GOAL OF THE EXERCISE => From the line with "Floor Cushion x" to the line with "BOSS Water-repellent jacket", retype each line exactly as it stands in the records below, but skip the pictures.

INPUT =>
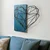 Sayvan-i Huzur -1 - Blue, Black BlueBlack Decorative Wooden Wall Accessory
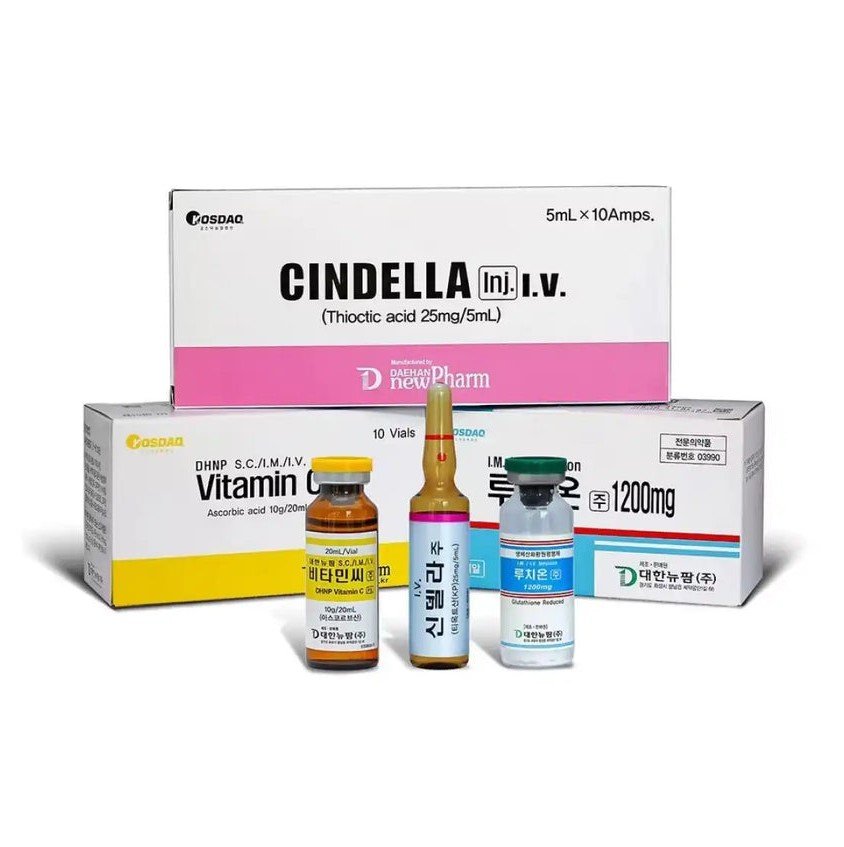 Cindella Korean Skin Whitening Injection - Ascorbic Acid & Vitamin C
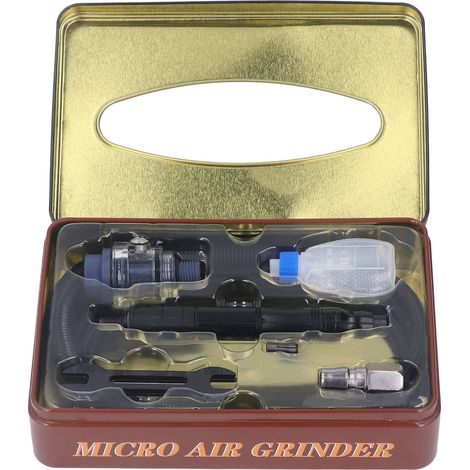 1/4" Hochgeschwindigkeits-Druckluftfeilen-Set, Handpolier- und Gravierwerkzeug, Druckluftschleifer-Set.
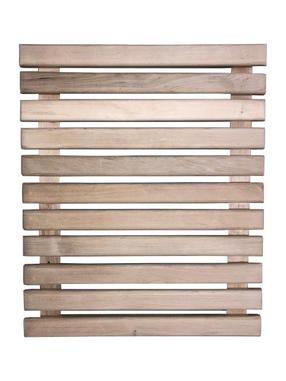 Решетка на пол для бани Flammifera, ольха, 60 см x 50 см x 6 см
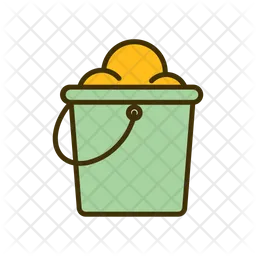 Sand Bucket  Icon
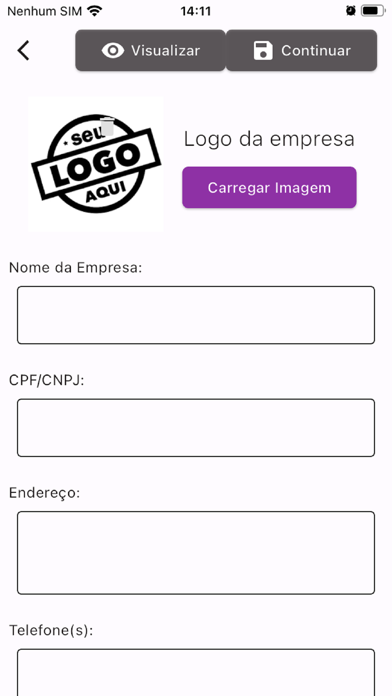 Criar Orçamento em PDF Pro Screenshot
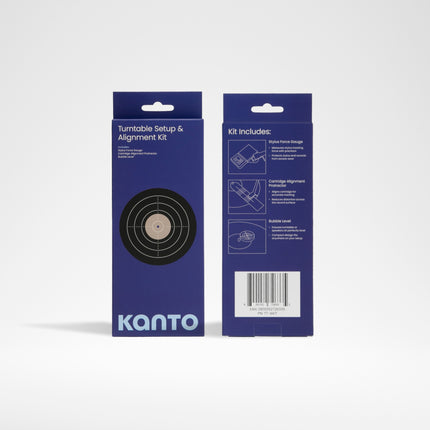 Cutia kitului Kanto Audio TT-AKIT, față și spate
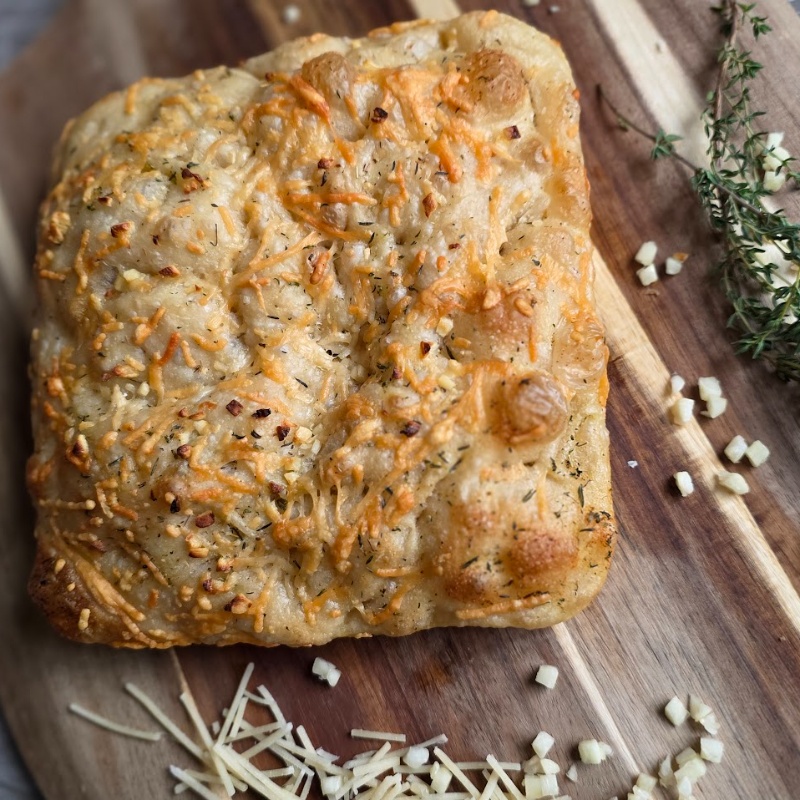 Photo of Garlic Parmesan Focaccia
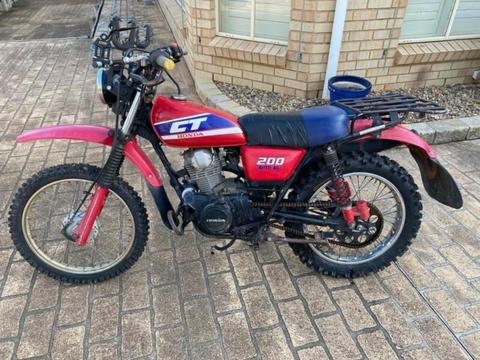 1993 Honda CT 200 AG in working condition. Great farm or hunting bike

---

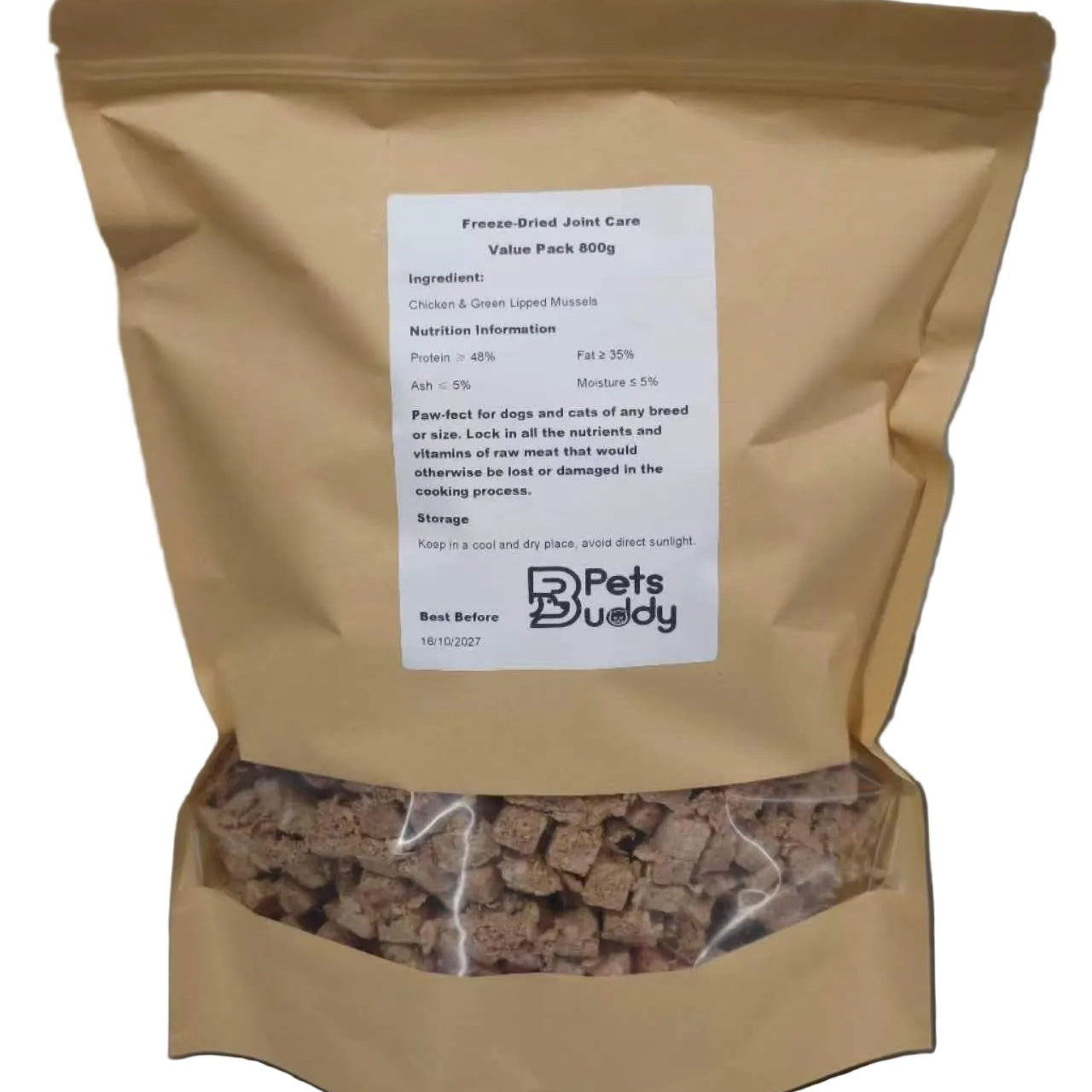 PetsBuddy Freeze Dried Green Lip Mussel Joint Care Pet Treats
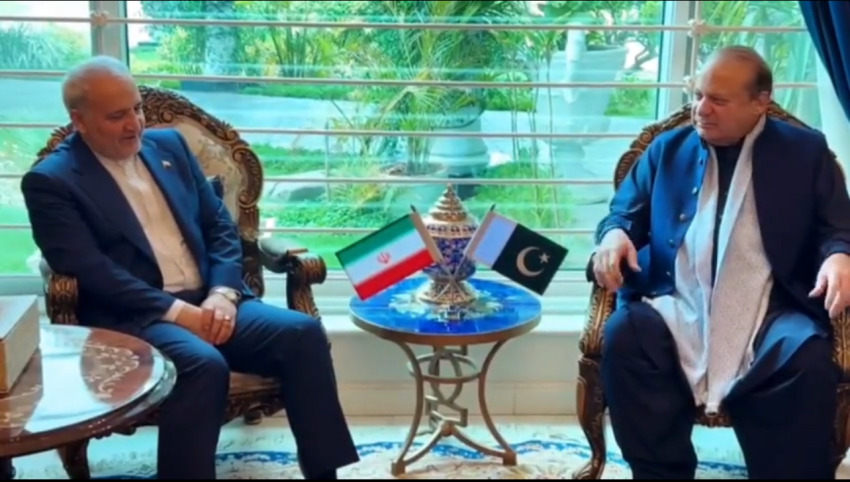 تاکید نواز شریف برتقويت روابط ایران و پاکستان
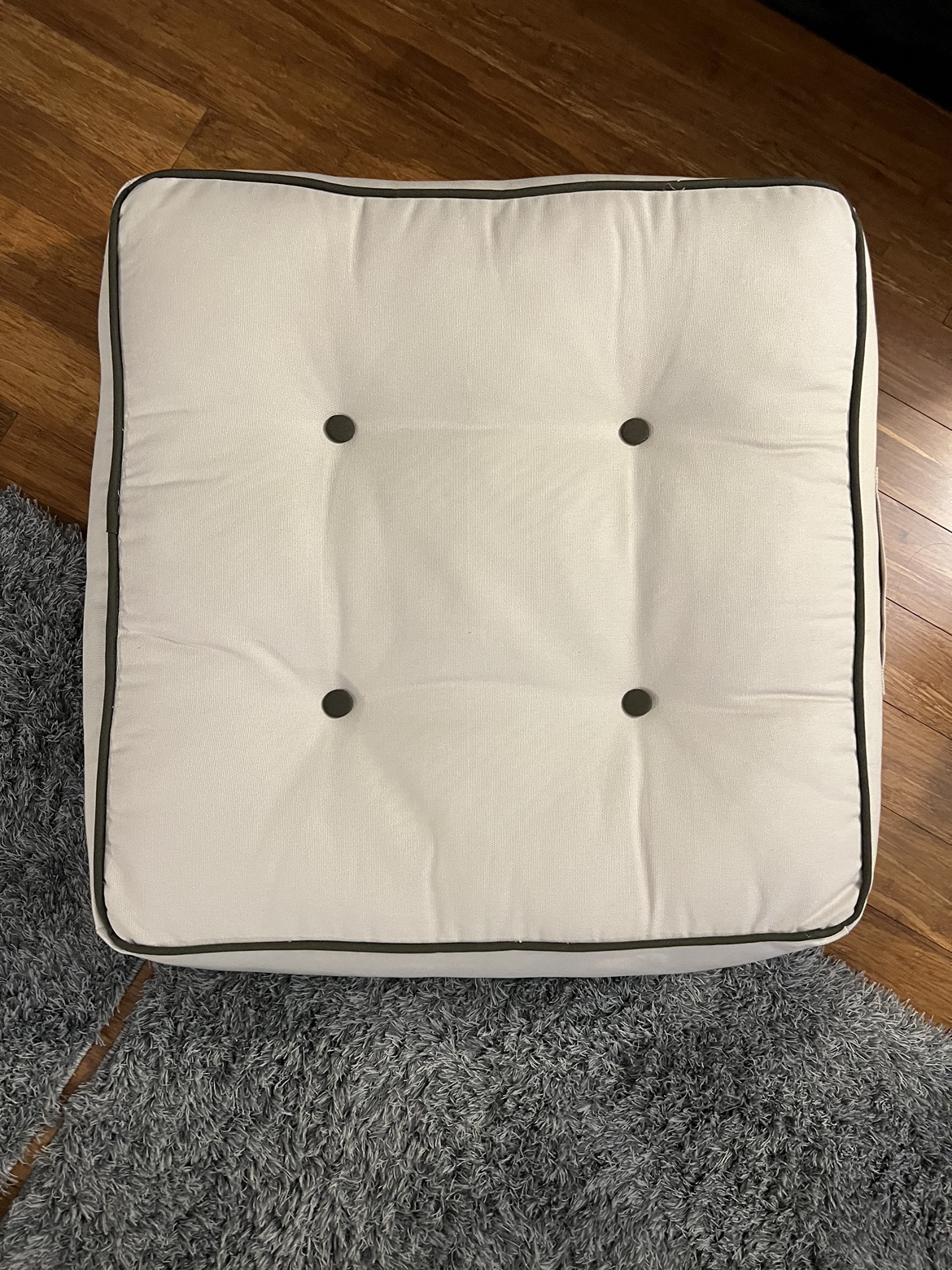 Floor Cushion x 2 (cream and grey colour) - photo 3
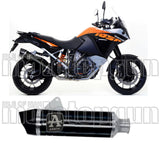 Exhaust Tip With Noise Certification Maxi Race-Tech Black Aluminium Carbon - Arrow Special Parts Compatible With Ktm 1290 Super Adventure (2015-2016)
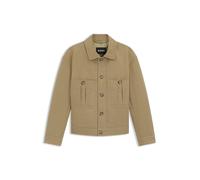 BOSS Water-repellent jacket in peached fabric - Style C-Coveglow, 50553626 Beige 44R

* * *

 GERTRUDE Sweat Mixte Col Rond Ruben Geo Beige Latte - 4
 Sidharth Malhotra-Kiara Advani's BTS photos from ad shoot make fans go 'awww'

PROBLEM SOLUTION =>
 Floor Cushion x 2 (cream and grey colour) - photo 3
 Exhaust Tip With Noise Certification Maxi Race-Tech Black Aluminium Carbon - Arrow Special Parts Compatible With Ktm 1290 Super Adventure (2015-2016)
 BOSS Water-repellent jacket in peached fabric - Style C-Coveglow, 50553626 Beige 44R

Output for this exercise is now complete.